Hoy Soy Antoni Viñas


Mi historia no incluye niños ni penes. No habla de pederastia ni de abusos. Mi historia es la de un capellán que ha pasado casi toda su vida oficiando misa en la parroquia de la pequeña localidad gerundense de Sant Miquel de Fluvià.
Hace ya tres años que tendría que haber dejado mi oficio de cura. Tengo 78 años y una salud delicada. Sin embargo, al cumplir 75 años y solicitar al arzobispo mi renuncia por jubilación, éste me animó a seguir. "Ya sabes que no tenemos capellanes", zanjó con autoridad. Sus palabras cayeron como una losa sobre mi complicado estado de ánimo pero decidí hacer un esfuerzo y continuar mi labor evangelizadora.
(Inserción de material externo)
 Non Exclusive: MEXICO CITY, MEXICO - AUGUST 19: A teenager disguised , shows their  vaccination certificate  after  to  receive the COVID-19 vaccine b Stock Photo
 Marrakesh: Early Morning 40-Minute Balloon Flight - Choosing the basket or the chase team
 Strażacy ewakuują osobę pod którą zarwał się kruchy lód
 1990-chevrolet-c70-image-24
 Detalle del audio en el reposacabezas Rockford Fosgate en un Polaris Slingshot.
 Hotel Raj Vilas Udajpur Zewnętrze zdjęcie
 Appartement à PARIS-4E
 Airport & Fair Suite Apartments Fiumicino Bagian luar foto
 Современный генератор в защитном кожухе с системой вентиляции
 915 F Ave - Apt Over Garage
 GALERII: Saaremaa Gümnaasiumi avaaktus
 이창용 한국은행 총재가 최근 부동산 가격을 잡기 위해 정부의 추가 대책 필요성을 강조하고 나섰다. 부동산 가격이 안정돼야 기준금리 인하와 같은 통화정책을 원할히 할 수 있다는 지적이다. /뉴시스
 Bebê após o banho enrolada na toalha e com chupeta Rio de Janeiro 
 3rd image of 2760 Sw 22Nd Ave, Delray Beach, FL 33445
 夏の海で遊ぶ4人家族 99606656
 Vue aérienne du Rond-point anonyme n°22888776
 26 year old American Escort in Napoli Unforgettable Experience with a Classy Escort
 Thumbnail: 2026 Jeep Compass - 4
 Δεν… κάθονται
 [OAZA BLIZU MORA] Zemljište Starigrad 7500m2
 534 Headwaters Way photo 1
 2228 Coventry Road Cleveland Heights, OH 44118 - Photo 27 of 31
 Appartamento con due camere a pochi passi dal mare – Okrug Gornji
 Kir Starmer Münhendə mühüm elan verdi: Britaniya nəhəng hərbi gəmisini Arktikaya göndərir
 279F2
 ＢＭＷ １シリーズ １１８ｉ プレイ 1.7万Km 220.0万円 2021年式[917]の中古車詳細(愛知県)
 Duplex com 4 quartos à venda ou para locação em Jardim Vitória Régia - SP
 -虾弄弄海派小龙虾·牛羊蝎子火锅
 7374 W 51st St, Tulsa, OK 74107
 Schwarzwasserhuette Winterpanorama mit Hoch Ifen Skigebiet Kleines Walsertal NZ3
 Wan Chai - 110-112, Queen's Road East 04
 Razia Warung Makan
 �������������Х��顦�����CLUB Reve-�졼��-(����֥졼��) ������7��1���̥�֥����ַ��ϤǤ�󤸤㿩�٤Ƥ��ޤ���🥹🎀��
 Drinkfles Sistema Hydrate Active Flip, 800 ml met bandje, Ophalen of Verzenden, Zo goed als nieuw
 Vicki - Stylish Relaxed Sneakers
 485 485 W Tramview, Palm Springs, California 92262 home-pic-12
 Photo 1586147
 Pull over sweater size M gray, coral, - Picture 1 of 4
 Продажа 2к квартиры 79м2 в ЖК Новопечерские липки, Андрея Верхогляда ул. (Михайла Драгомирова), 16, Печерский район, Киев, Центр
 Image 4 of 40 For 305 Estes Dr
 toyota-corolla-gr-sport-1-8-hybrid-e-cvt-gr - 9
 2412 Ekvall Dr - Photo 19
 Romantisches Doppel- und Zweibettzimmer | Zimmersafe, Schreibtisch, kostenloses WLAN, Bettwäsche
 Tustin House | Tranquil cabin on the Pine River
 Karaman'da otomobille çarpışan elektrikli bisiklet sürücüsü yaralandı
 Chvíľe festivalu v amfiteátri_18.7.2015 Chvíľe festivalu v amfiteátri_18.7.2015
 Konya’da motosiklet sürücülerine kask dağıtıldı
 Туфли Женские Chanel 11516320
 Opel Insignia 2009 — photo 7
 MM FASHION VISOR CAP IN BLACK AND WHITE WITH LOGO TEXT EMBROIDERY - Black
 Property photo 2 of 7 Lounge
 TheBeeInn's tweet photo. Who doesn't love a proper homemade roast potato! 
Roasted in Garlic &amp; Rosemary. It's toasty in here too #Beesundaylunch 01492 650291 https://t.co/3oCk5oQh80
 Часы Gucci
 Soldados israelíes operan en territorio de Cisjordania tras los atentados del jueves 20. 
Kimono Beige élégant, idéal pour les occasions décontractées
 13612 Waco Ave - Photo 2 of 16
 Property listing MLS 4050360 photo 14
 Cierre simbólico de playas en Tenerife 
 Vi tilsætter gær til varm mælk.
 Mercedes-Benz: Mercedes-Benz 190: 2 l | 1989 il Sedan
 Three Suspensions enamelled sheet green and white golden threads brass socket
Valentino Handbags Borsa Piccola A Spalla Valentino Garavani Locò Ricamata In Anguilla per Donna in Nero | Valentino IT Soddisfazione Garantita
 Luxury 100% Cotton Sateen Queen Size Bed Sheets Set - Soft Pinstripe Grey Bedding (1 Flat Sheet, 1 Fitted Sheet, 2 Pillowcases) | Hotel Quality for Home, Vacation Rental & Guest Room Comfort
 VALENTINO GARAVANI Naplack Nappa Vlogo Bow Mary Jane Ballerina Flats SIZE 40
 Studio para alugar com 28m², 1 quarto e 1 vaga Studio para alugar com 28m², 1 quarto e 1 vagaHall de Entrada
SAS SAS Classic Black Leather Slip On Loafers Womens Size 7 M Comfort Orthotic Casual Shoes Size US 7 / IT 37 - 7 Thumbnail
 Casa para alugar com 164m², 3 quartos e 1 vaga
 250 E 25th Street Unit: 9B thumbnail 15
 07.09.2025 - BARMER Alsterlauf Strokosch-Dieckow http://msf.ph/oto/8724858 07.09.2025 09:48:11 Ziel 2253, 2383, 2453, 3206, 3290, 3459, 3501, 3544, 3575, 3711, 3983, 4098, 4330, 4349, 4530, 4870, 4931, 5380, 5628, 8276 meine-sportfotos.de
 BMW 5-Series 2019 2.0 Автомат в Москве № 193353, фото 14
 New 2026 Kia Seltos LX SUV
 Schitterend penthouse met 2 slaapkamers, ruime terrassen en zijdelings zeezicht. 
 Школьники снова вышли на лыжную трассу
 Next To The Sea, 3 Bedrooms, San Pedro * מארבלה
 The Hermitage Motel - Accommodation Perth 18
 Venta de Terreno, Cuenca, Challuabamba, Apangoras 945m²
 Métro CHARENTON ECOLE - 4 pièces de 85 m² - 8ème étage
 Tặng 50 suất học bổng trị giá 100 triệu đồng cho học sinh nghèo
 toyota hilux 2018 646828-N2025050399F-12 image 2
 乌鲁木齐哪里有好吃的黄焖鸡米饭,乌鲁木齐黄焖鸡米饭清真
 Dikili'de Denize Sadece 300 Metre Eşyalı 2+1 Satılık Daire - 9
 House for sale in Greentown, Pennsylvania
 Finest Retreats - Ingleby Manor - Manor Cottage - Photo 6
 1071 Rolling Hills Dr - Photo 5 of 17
Nadie se preocupó, sin embargo, de comprobar hasta qué punto un hombre de salud mental frágil puede mantenerse al frente de una parroquia. Poco a poco mi mundo se derrumbaba. Lloraba sin motivo aparente y cada pequeña acción se convertía en un suplicio. Descuidé mi higiene personal y en mis últimos sermones se me fue la pinza en más de una ocasión. Pero nadie movió ficha desde las altas instancias. "Necesitamos curas. Poco importa en qué estado." Esa era la consigna.
El domingo pasado, durante la misa de las fiestas patronales, y para asombro de los feligreses, escribí el último capítulo de mi historia como capellán, a través de la liturgia más inverosímil que uno pueda imaginar. Puse música de Beethoven, hablé con tristeza de la muerte de mis padres, mostré a los presentes una foto mía de la infancia y me desnudé de cintura para arriba, dejando ver un cuerpo decrépito.
Ahora sí parece que el arzobispo ha tomado nota de mi deterioro mental, de mi estado de tristeza, de mi soledad, de mi precariedad física. Y ha confirmado con cierta resignación que me jubilan.
¿Había que llegar a este punto? La falta de vocación religiosa está llevando a las autoridades eclesiásticas a una espiral sin retorno. A este paso se quedarán solos.